One of the highlights of my PAX experience, every year, is catching up with Zoe. I have written about her before, but for the uninitiated, she is a young person I randomly met a few years ago, who creates fun pins specifically for PAX East weekend. Her skills have grown with each year and this year’s offering was pretty sweet. Check out these great creations!
Working the booth was truly amazing though. We were running D&D 5E for the entire weekend and had 17 two-hour sessions, 20+ DMs, and 500+ players come through the booth. The funny thing was though, it wasn’t chaotic in the least. The particulars are discussed in a great Master Dungeon Master article over on the Adventurer’s League site.

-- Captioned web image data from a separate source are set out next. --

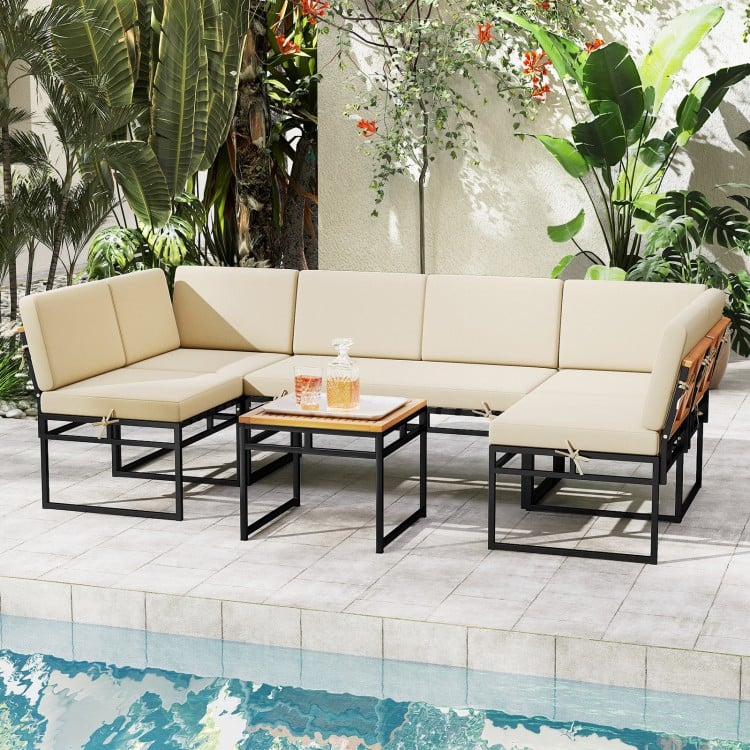 Beige 6-piece outdoor sectional sofa set with metal frame and acacia wood tabletop, ideal for poolside relaxation.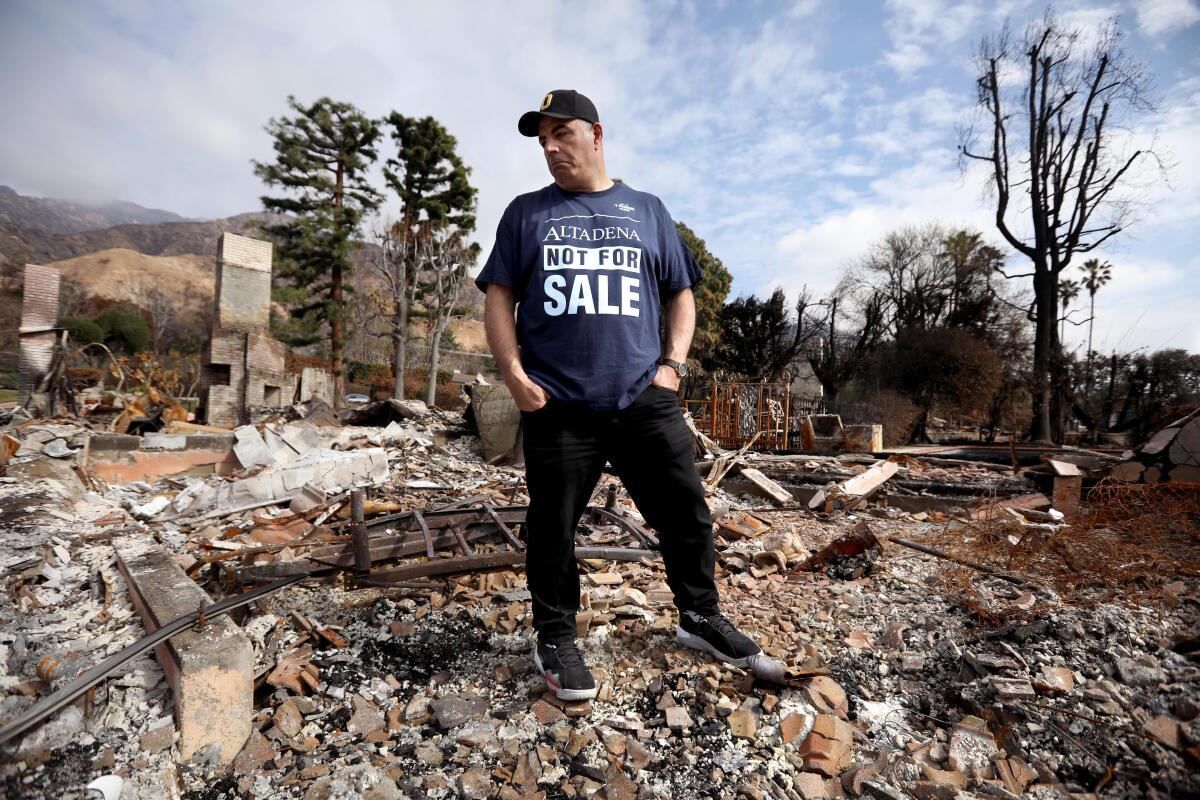 Photo of a man standing on top of a pile of rubble.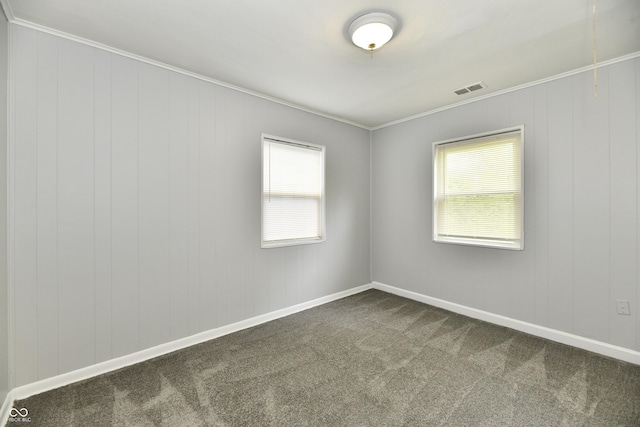 3109 Forest Manor Ave, Indianapolis, IN 46218 - empty room featuring crown molding, visible vents, a wealth of natural light, and dark carpet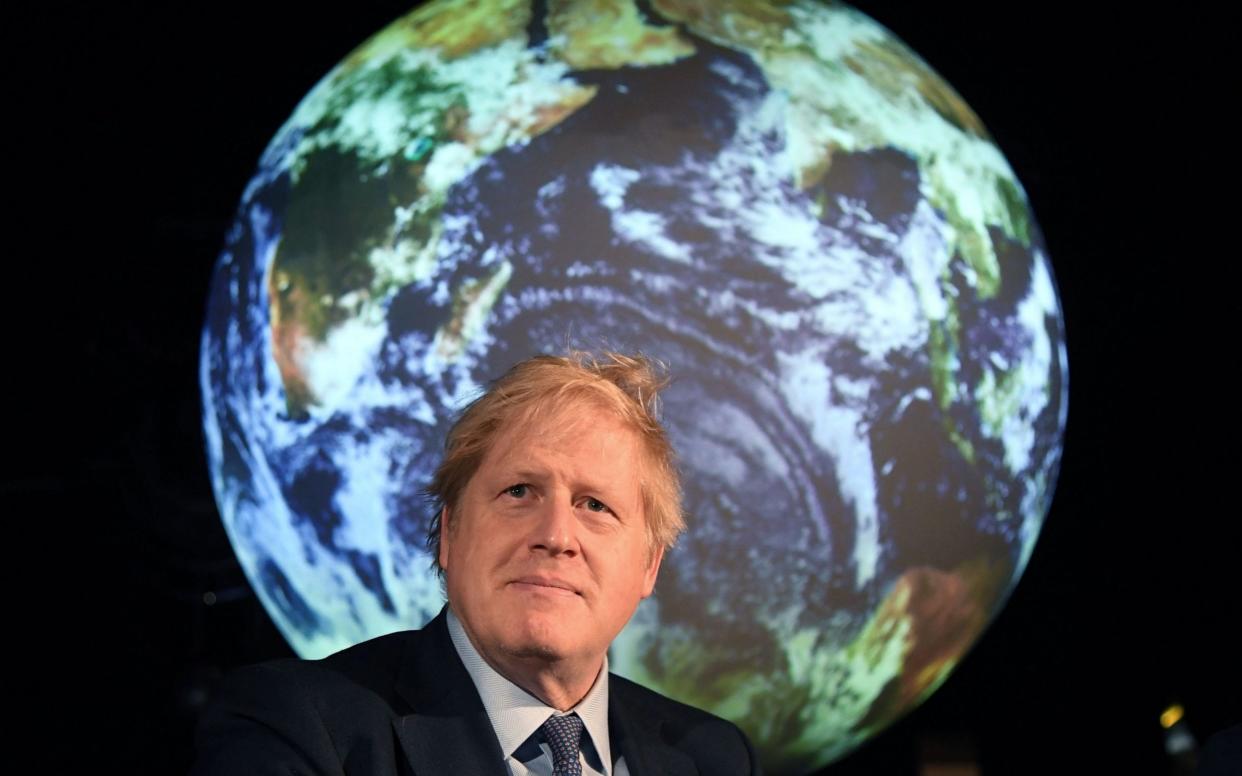 Boris Johnson, the Prime Minister, is expected to deliver the new climate pledge on Friday - AFP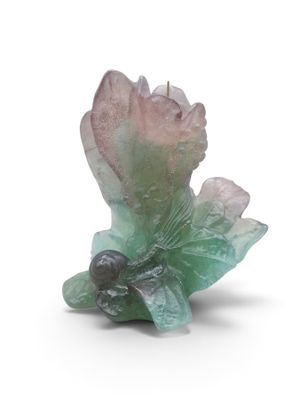 une fleur verte et rose posée sur une surface blanche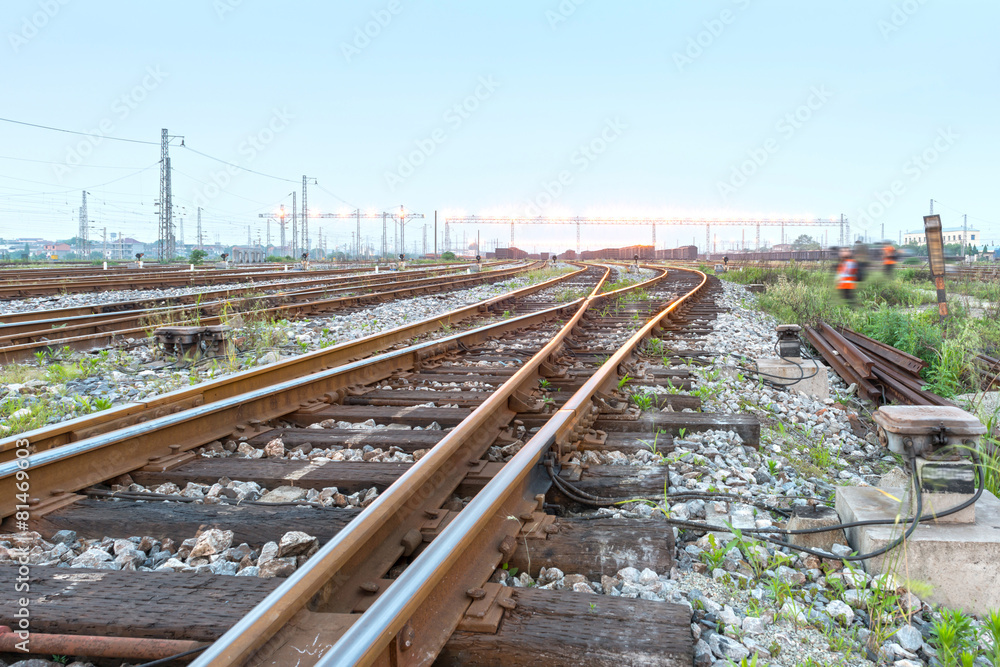 Cargo train platform at sunset with container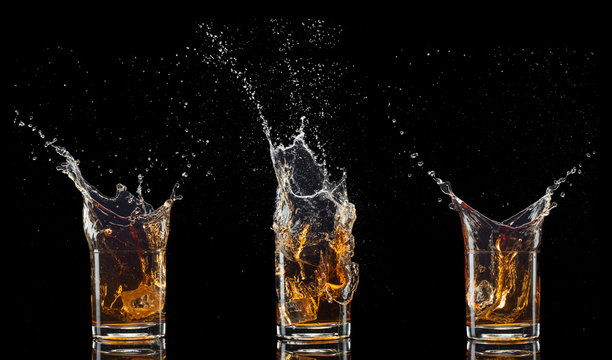 Glass Of Whiskey With Splash Isolated On Black Background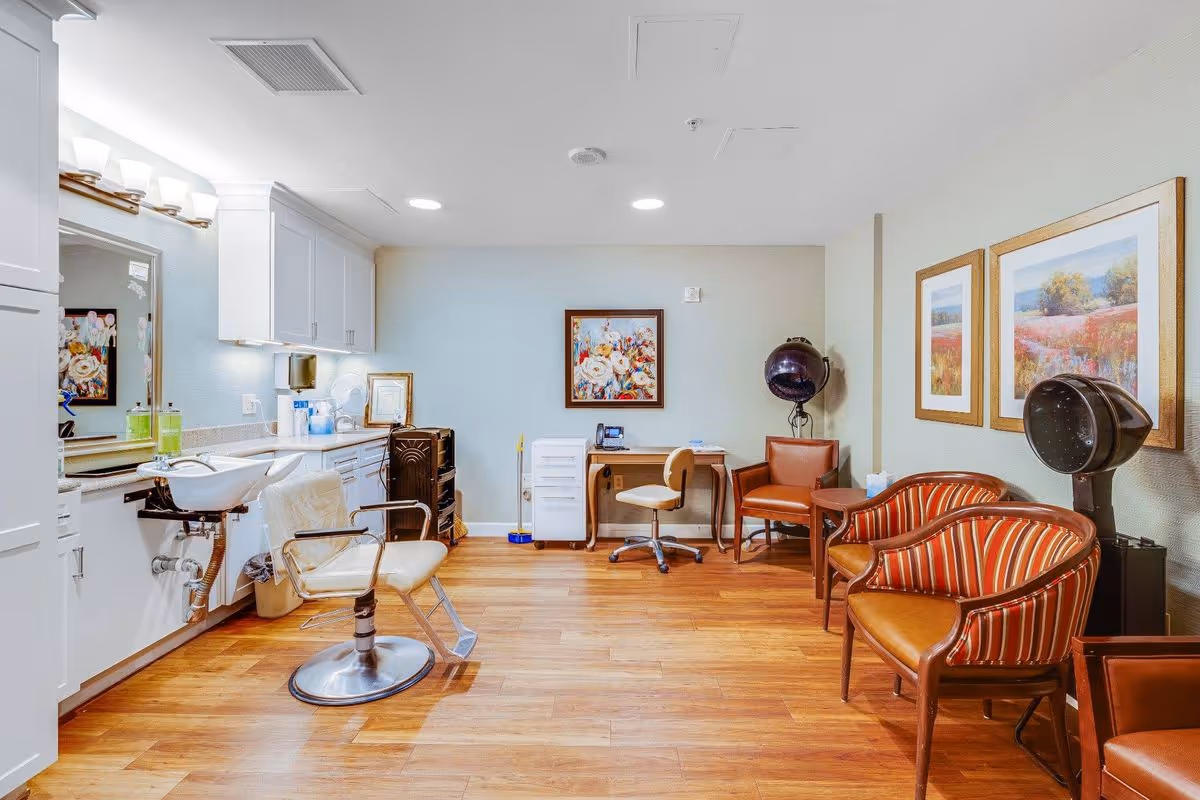Interior view of a salon area in a senior living facility with a hair washing station, salon chair, wooden floor, and several seating chairs. The walls are decorated with framed floral artwork, and there is a desk with a chair and hair drying equipment in the corner.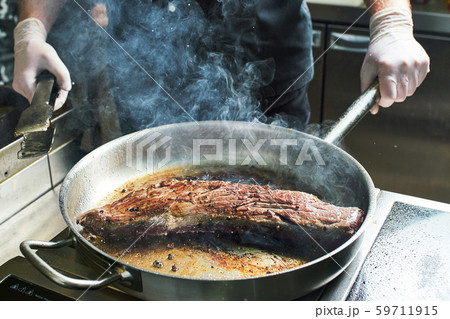 The chef works in the kitchen of the restaurant. Fresh meat roasted in a large frying pan 59711915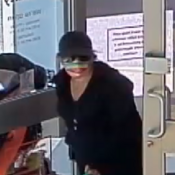 Female in dark clothing with a hat and sunglasses carrying a green bag.
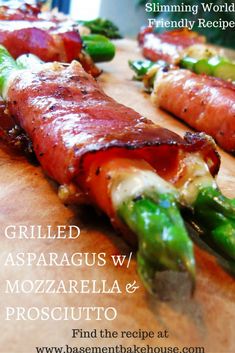 grilled asparagus w / mozzarella & prosciutto on a cutting board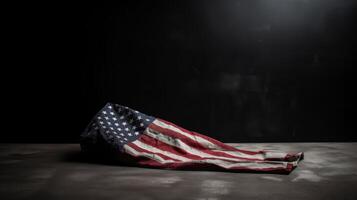 American flag on dark concrete with free space photo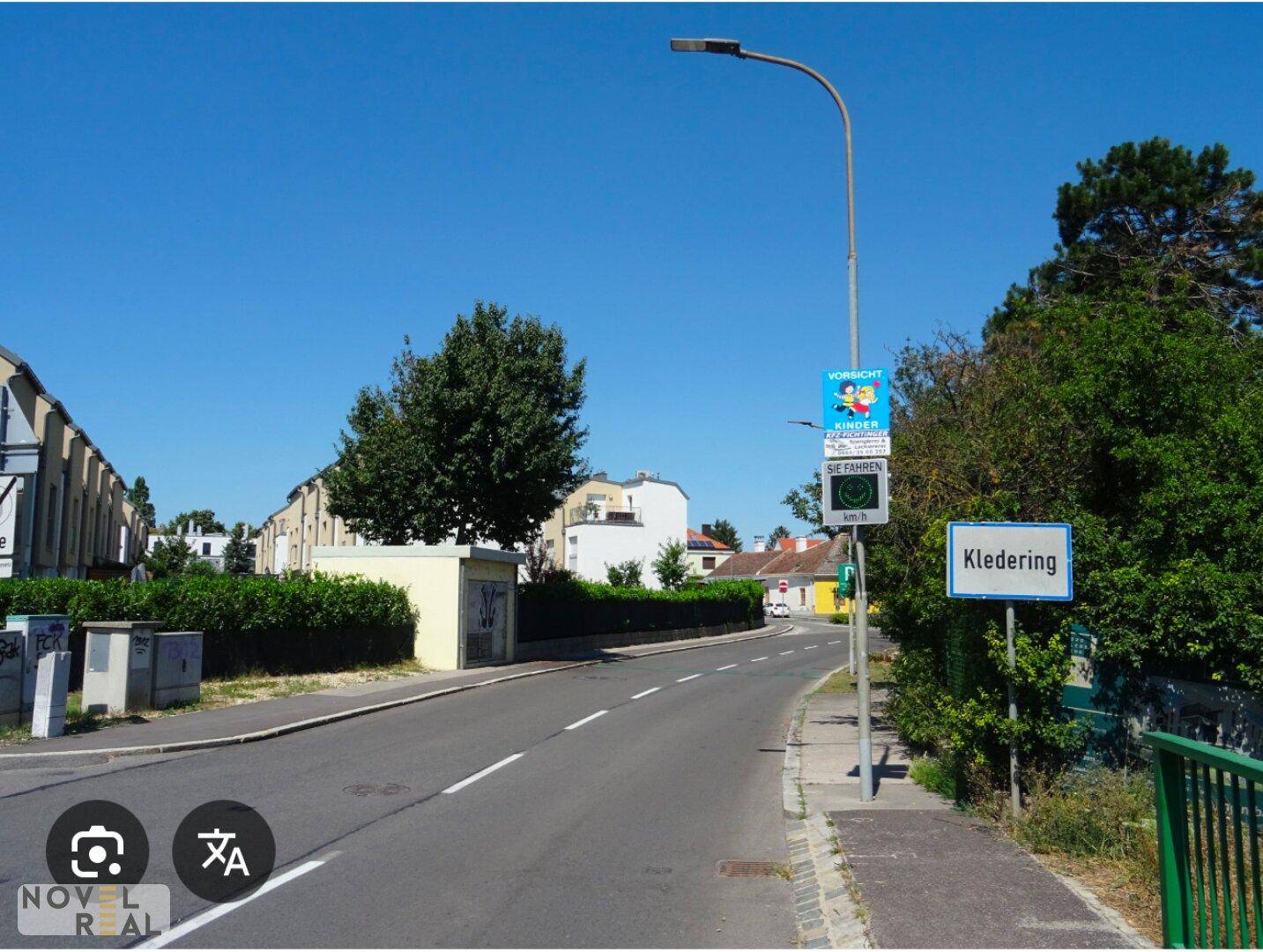 Einfahrt in die Ortschaft Kledering mit Straßenschild, Bäumen und Gebäuden unter blauem Himmel.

Suffice to say, the love of D&D is alive and well. So many folks who had never tried D&D or 5E came through the booth and it was just great to see everyone leave with a big smile on their face. The DMs who ran the tables really knocked it out of the park.
Game 4 (a working title) is a turn based tactical combat game, much like XCOM: Enemy Unknown or the Fire Emblem series. However, with the addition of Behemoth’s legendary humor, distinctive art style, and just plain ‘out there’ concepts the experience was an enjoyable one. The demo was about a half hour experience and took one through the beginning of the game, though the world hinted at was quite expansive. One of my favorite parts may have been the narrator’s voice, who seemed to be the antagonist in the story.
Jotun was a nice surprise I discovered amongst the Indie Dev booths. Inspired by the 2D style of the original Legend of Zelda and the gigantic enemies of Shadow of the Colossus, the art was just beautiful. The demo had apparently been hand drawn and then digitized, similar to what was going on in The Banner Saga. The demo I played was a lot of fun with combo attacks using a two handed axe, a gender-neutral hero, and an outsized Frost Giant boss that was a really hard opponent to beat.
During my free time, when not engaged in playing a game, I roamed the show floors as much as I could and one observation / realization that I had was that streaming, nee broadcasting, gaming events (with commentary) is becoming more and more ubiquitous. Even in the Table Top area there was a booth that was mic’d up and had camera feeds going as commentators provided opinions on moves players were making on this large board of tiles with minis and dice, etc.
I was amazed to realize that the tradition of live audience mediated experiences from radio musical concerts, radio teleplays, television shows, digitally streaming operas in real time, FPS / LOL eSports, and now role playing games was alive and well at PAX East.
It is wildly invigorating to realize that what AcqInc represents in terms of carrying forward a legacy of live entertainment is powerful, especially as it surrounds a hobby I love and have invested so much of myself in.
Applying this to my own love of Table Top RPGs, I realized that the Acquisitions Incorporated podcasts have spawned a host of other ‘fan created’ podcasts where folks play D&D (or whatever) and other folks happily listen and watch.
I know that isn’t a revelation or anything, however I do see a parallel with the AcqInc video podcasts and eSports or tSports (TableTop Sports, a term I’ve just coined. That’s right you read it here first).
The AcqInc podcasts have had an unintended effect of creating a niche genre that is only growing. That creative part of gaming subculture is directly tied to expanding the hobby, though whether specific podcasts are positive representations of our subculture is of course up for debate.
My main thought is, Wizards of the Coast and Penny Arcade collaborating on the AcqInc podcasts has had a large influence on a new method by which to introduce folks to D&D and while I wouldn’t posit it is the only influence on this new method, it definitely has set the ‘gold’ standard in many people’s minds.
We can even see this as WotC is putting out their own D&D Livestream Games.
That, for me, is definitely giving back to an experience / hobby / community in a loving way that has the ability to nurture / reinforce / expand the subculture in a progressive way.
So yeah, a big thumbs up on the proliferation of streaming games.
Yes, I was lucky enough to see the Acquisitions Incorporated game front and center this year and I realized again that WotC is literally (and I don’t use that word lightly) introducing Forgotten Realms CANNON via these live audience mediated experiences.
For someone invested in Realms Lore and being ‘up on’ the ongoing story, this year’s AcqInc show could only have caused tons of giddiness. From Minsc of Baldur’s Gate yelling signature catch phrases as he ran into battle alongside the AcqInc crew to the Tiefling villain, Vanifer, who will obviously be a main antagonist in the Elemental Evil adventure, Princes of the Apocalypse, this year’s show was just fabulous.